El secreto de la felicidad

Por Víctor Hugo A. Sanmiguel

      Recorro entre la lluvia, difusas calles donde se aprecian tintes oscuros en el cielo, las sombras se desvanecen y los alrededores son desdibujados por las boiras. Recuerdo aquellas noches cuando a pesar de encontrarme distante a la niebla, era invisible… por lo menos ante mis padres. 
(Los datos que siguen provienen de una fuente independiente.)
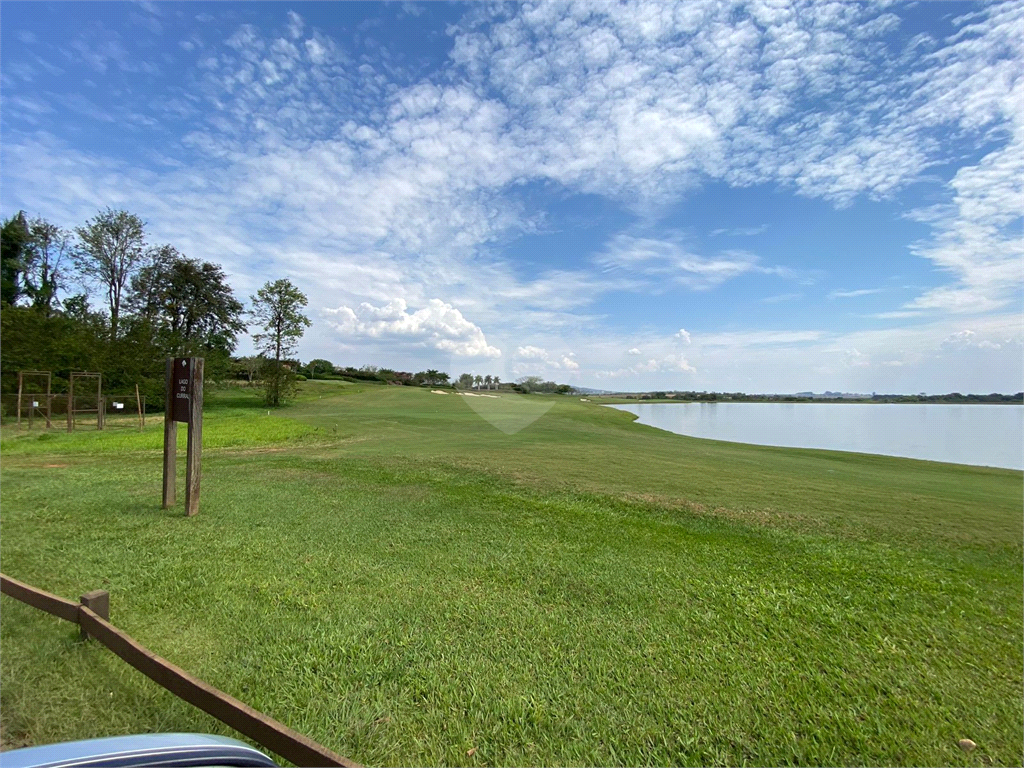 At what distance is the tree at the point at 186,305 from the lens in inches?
1272

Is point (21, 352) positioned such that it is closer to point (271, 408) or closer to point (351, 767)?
point (271, 408)

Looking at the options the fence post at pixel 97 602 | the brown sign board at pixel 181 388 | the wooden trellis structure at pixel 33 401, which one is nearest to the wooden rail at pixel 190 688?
the fence post at pixel 97 602

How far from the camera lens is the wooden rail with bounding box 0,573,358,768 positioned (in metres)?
1.67

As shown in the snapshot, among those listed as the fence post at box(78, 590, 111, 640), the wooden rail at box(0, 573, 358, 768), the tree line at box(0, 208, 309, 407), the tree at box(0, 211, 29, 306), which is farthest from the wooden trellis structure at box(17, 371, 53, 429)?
the fence post at box(78, 590, 111, 640)

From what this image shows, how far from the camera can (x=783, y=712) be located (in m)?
2.44

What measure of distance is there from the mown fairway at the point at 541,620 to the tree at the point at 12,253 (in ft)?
Answer: 122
Me detengo e ignoro las gotas de agua que corren por mi rostro. Revivo aquella memoria en la que me encontraba exhausta de mi soledad mirando como las lágrimas de Dios se deslizaban sobre mi ventanal; decidí salir a caminar entre la lluvia, maravillarme con el chubasco, perderme en mi reflejo y a la vez encontrarme en él. Vestí mi impermeable amarillo, calcetas celestes y botas escarlatas. Esperé a que mis padres estuviesen dormidos y acariciando el suelo con los pasos me acerqué a la puerta. 

Miro a mi alrededor y me encuentro en el mismo lugar de aquella noche. Aprecio frente a mi cómo la lluvia cae formando un charco. Cierro los ojos recordando cómo al atravesar el umbral, la brisa suspiró y las hojas de un árbol comenzaron a danzar hasta caer al suelo. El delicioso aroma a petricor me ayudó a pensar. Inspirada por tenues luces de insectos, caminé por el parque hasta llegar a un hermoso espejo de agua, donde de manera inexplicable y a pesar de las densas nubes reflejaba a la perfección las constelaciones; extraño y hermoso a la vez. Aprecié su belleza de cerca. Mi rostro se asomó. Jamás me había atrevido a contemplarlo. Vi mis ojos cansados y tristes. Aun así me gustó mi imagen; era muy bonita. Una lágrima se deslizó por mi mejilla hasta caer al agua. El peso de aquella gota melancólica hizo temblar a las estrellas en el charco, mi reflejo se distorsionó y al calmarse el agua cobró vida. Nos miramos fijamente. Él me regaló una sonrisa y yo se la devolví. 

 Mi reflejo preguntó, — Madeleine, ¿Qué tienes?. 

Yo desconcertada respondí — No sé por qué vivo.  

Ella sonrió y me dijo — Vive y lo sabremos.

Volvió a congelarse. Con una sonrisa abandoné el miedo. Los astros se desvanecieron de aquel charco, dejó de llover y todo regresó a la normalidad. Desde ese momento sentí que una mujer vestida de estrellas me acompañaba. 

Abro los ojos. Contemplo la tormenta en la que estoy y frente a mí el espejo de agua brilla lentamente hasta reflejar las constelaciones. Me asomo mirando a la niña de impermeable amarillo, calcetas celestes y botas escarlatas. — Ahora lo sé — dije con una sonrisa observando cómo se desvanecía la pequeña Madeleine.